El quemado casi no se atrevía a respirar. Se limitaba a mirar con alivio cómo el criminal se marchaba, rezando para que no se diera la vuelta y arremetiera de nuevo contra él. No quería pensar en el dinero. No quería pensar en nada. En cuanto cerraron la puerta de El Cervecero, Charlie rompió a llorar como un niño.
Sentado al volante de un Mercedes CLS 350, el Lobo se abrochaba el cinturón de seguridad. Scorpio hacía lo mismo en el asiento del copiloto. Ninguno había hablado todavía.
—¿Cuánto dinero había? —Annibal miró al hombre de su izquierda.
—He cogido los cuarenta y cinco mil —contestó el Lobo. Aún no había encendido el motor.
—¿Y cuánto había?
—Cuarenta y cinco mil.
—Venga, Lobo, que te conozco —dijo Scorpio. Arqueó las cejas.
Serio, el copiloto no apartaba la mirada. Rafael, sin embargo, se mantenía hacia el frente con el ceño fruncido. Se escuchaban los sonidos de la ciudad nocturna fuera del coche. Entonces el que manejaría el volante miró hacia abajo mientras comenzaba a sonreír.

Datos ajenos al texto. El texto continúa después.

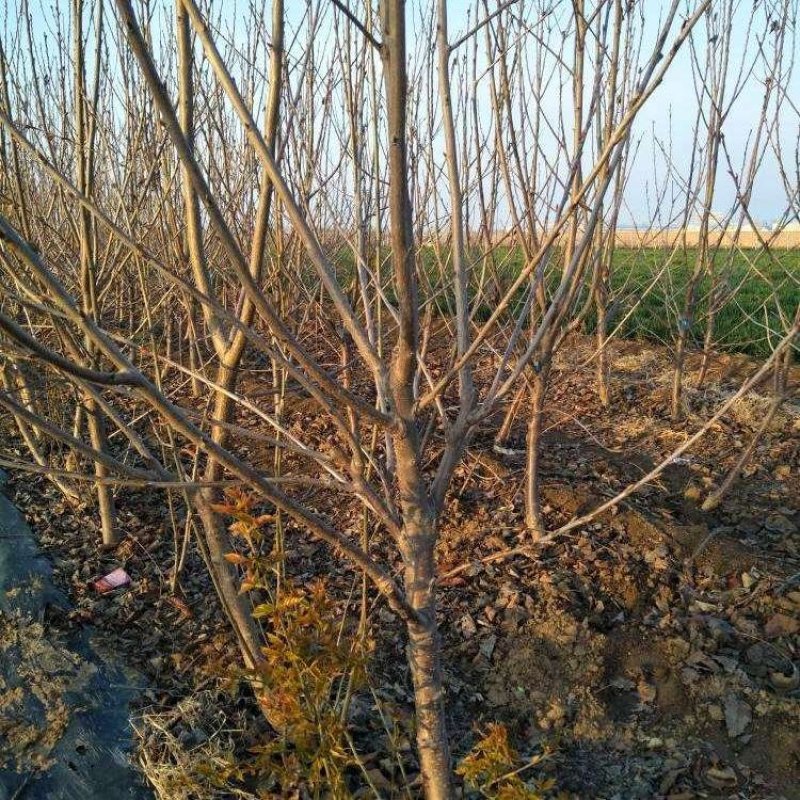 车厘子（庭院居室，南方北方，均可种植，好养易活）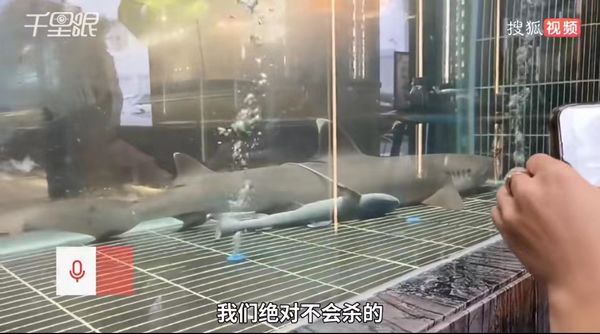 拼盘／逛鱼店惊喜偶遇母鲨产子过程　众人忧被吃掉　结局超暖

—Ahí dentro había cincuenta y tres mil ochocientos dólares —respondió finalmente el Lobo.
—Joder.
—Ese tipo no es nadie dentro del negocio, solo un estúpido con pretensiones demasiado altas. Y acabas de dejarle claro que está fuera. Me he limitado a coger lo que es nuestro.
—Bueno, tampoco te he pedido explicaciones.

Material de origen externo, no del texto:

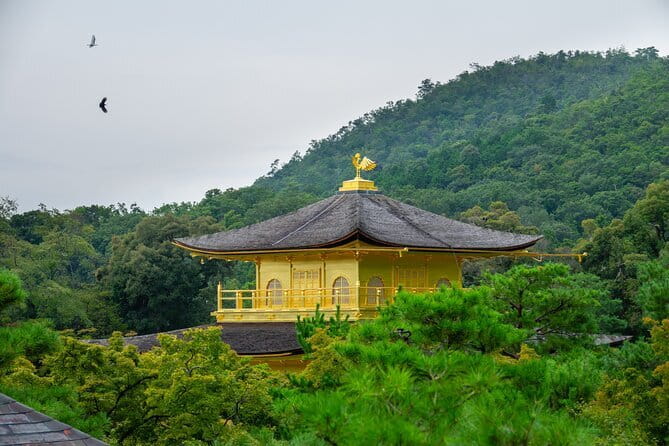 Kyoto & Uji: Full Day Sightseeing Tour from Osaka or Kyoto - How the 9-hour schedule actually feels (and why time windows matter)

—Veremos cómo se las apaña a partir de ahora.
—Me importa una mierda —apuntó Scorpio—. De vez en cuando enviaré a alguien para que controle si vuelve a vender. Más le vale no hacerlo. —Inconscientemente se tocó la mano que había mantenido tan cerca del calor de la plancha.
Rafael giró la llave del contacto y el coche pareció saludar al despertar. Era un sonido elegante.
—Venir aquí no nos ha solucionado nada. La próxima vez tendríamos que asegurarnos de que va a merecer la pena acercarse en persona. No puedo dejarme ver por lugares como este, ni tú tampoco. Ya tenemos gente para eso. No podemos perder el tiempo así.
—¿Crees que Charlie ha tenido algo que ver con los asesinatos? —dijo el Lobo. Pisó el acelerador.
—No. Es un mentiroso, pero no creo que sea un asesino. Aunque sigo pensando que tiene motivos para haberlo hecho, es bastante improbable. Tenía miedo, pero no por las muertes, sino por haberse ido de la lengua con lo de la coca.
—Si hubiera sido él o hubiese participado de alguna manera, habría sabido guardarse las espaldas. No habría sido tan bocazas. Quiero pensar que no fue así, sería demasiado patético —opinó Rafael. Estaba más pendiente del exterior de lo habitual. Apenas hacía veinticuatro horas de los crímenes y no tenían ni una pista acerca de los autores ni de las circunstancias. Era pronto. Había que tener cuidado.
—Lo patético es que les hayan matado.
—Tal vez les pillaron desprevenidos.
—¿Sabes si alguno de los dos tenía problemas serios con alguien? —preguntó Scorpio.
—Que yo sepa no. Pero quién sabe.
—¿Llegaste a ver los cadáveres?
—Había bastante gente. Les vi a lo lejos, pero no lo suficientemente bien como para apreciar ningún indicio de nada.
—Quiero que hagas llegar el dinero que hemos recaudado hoy a la mujer de Carlo. Averigua si Ronald tenía alguna. Si es así, pondremos la misma cantidad para su familia también —comentó el jefe. Ya tenía otro cigarro en la mano. Nunca era agradable que un hombre que trabajaba para él muriese. Y habían sido dos.
Scorpio estaba pensativo. No sabía qué era lo que había pasado por la mente de alguien para que decidiese y se atreviese a asaltarles. Podía ser que el motivo de esas muertes fuese ajeno a la organización. No importaba. No permitiría que el asesino quedase impune. Tenía que saber más. Relajado, Annibal expulsó el humo de sus pulmones. Miró la cajetilla de tabaco que sostenía en la mano derecha. Lucky Strike. Encendió la radio y subió el volumen. Ninguno de los dos se molestó en cambiar de emisora.